Going back to an earlier satire on a comment a fellow pastor once made to me: Charismatic churches attract psychotics; Reformed churches attract neurotics. That is true—really and sadly true, and some of these nut cases end up on church sessions.

(3.3.) Money. There are certain lifestyle expectations that come with being friends with others. I eat lunch with various men in my congregation every week. Not wanting to be a mooch, I like to pick up the tab if I’ve asked the other person for lunch. If it’s regular, we alternate. It’s just that when I spring for a twenty-dollar lunch tab, it’s out of my pocket, and there’s a lot less in my pocket than in some of my guests. Evening meals are even more expensive, so we are cautious there because we can’t afford the reciprocity. When my wife and I have attended pastors’ functions in certain communities, we’ve both marveled at what some of those clothes had to cost. But my wife buys some of her stuff at Goodwill, and I’m happy for a second hand suit. This past year I received two fine suits from a dead man—two grand a piece—I love them; they’re beautiful. But I usually buy my dress shirts at Sam’s—pressed, under a two thousand dollar suit, who can tell I paid around ten dollars?

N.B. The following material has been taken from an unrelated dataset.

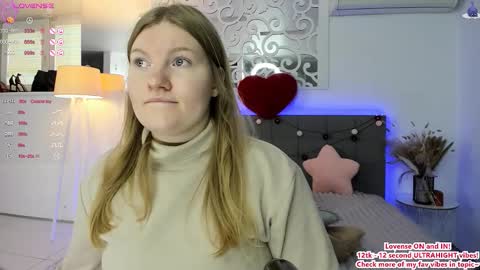 Snapshot of ashleyjonse chatting on November 3, 2025, 5:52 am AshleyJonse online show from November 3, 2025, 5:52 am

Don’t get me wrong. I’m blessed financially. It’s just that it’s easy for a preacher to get himself head over heels in debt, trying to keep up with his congregation. What’s the old loan company saying about to whom you shouldn’t loan money? Was it the infamous “P”s: preachers, plumbers, policemen, politicians?

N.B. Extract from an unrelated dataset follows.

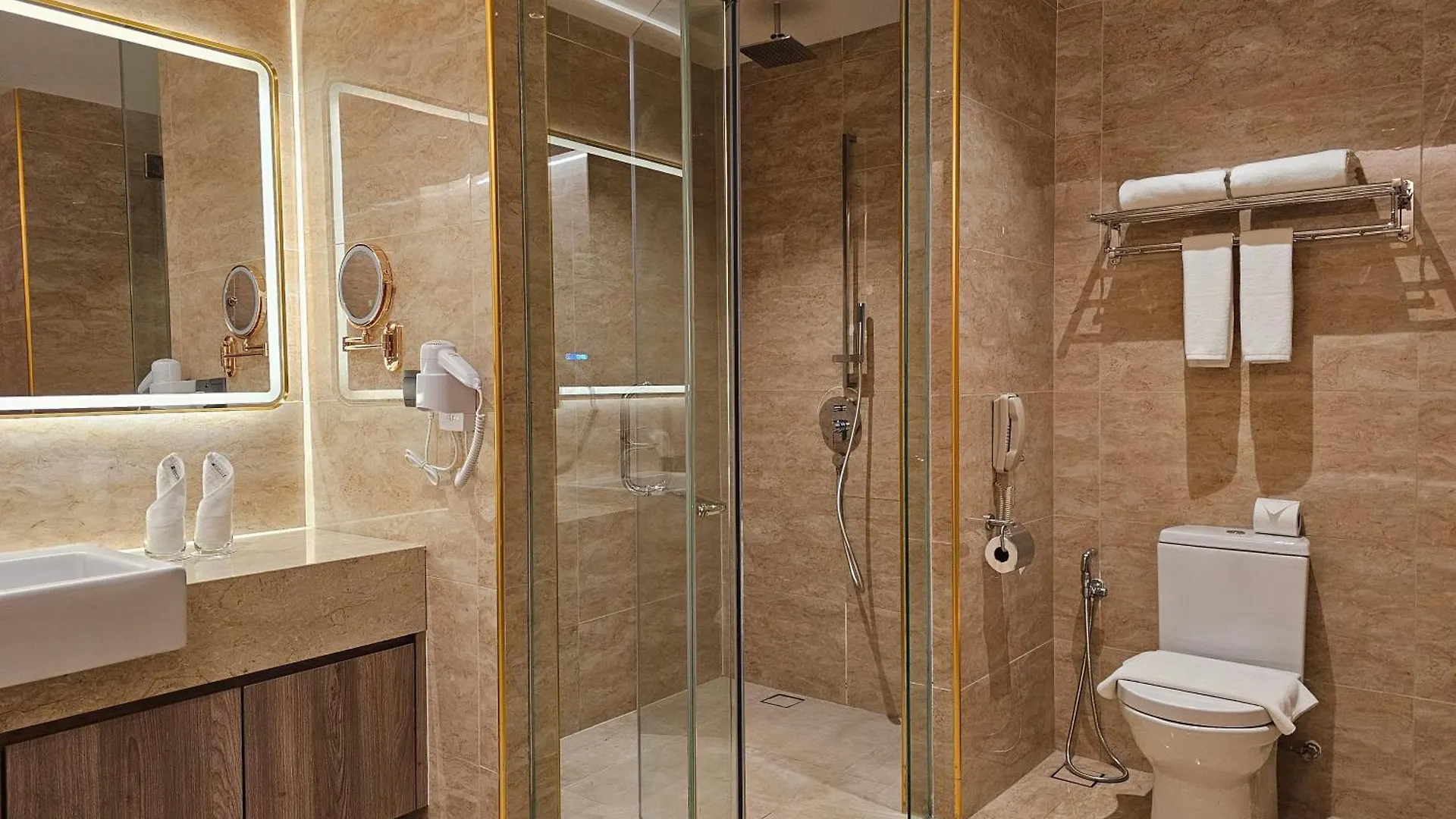 Hompton Hotel By The Beach جورج تاون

(3.4.) Women. I’ve ministered to more than one pastor who fell into adultery. Women scare me to death—not women themselves—my awareness of the potential for sin that’s still inside me. Very few people suddenly start stealing after a lifetime of honesty, or getting drunk after decades of sobriety. But it’s not that way with sex. A man can live a very disciplined life for years and then be hit with something (like falling into real pride, for example.) that can eventually lead to adultery. I know more than one minister who has experienced women in his congregation making romantic overtures toward him. In the mercy of God, it hasn’t been that way for me—my wife tells me that it’s not because I’m not handsome. (Smart woman! But I need to warn her about flattering me too much.) She says that it’s that I don’t “send off signals.” Whatever . . . it’s grace . . . that’s for sure. But some women are attracted to power, and they see real power in the influence wielded by preachers. They’re seduced by that power, and they try to seduce the preacher in turn. One pastor friend confided in me that he had had an emergency call a couple of months back. The woman deceived him into coming over late at night by telling him that her husband was desperate to talk or something like that. Only her husband wasn’t at home. When the pastor arrived, she opened the door and was buck-naked. He turned and fled.

My wife and I wish that we could take a week every so often and do a seminar for seminarians and their wives. It isn’t that the ministry isn’t terribly fulfilling. It is. It’s just that it isn’t anything at all like we expected back in the sixties.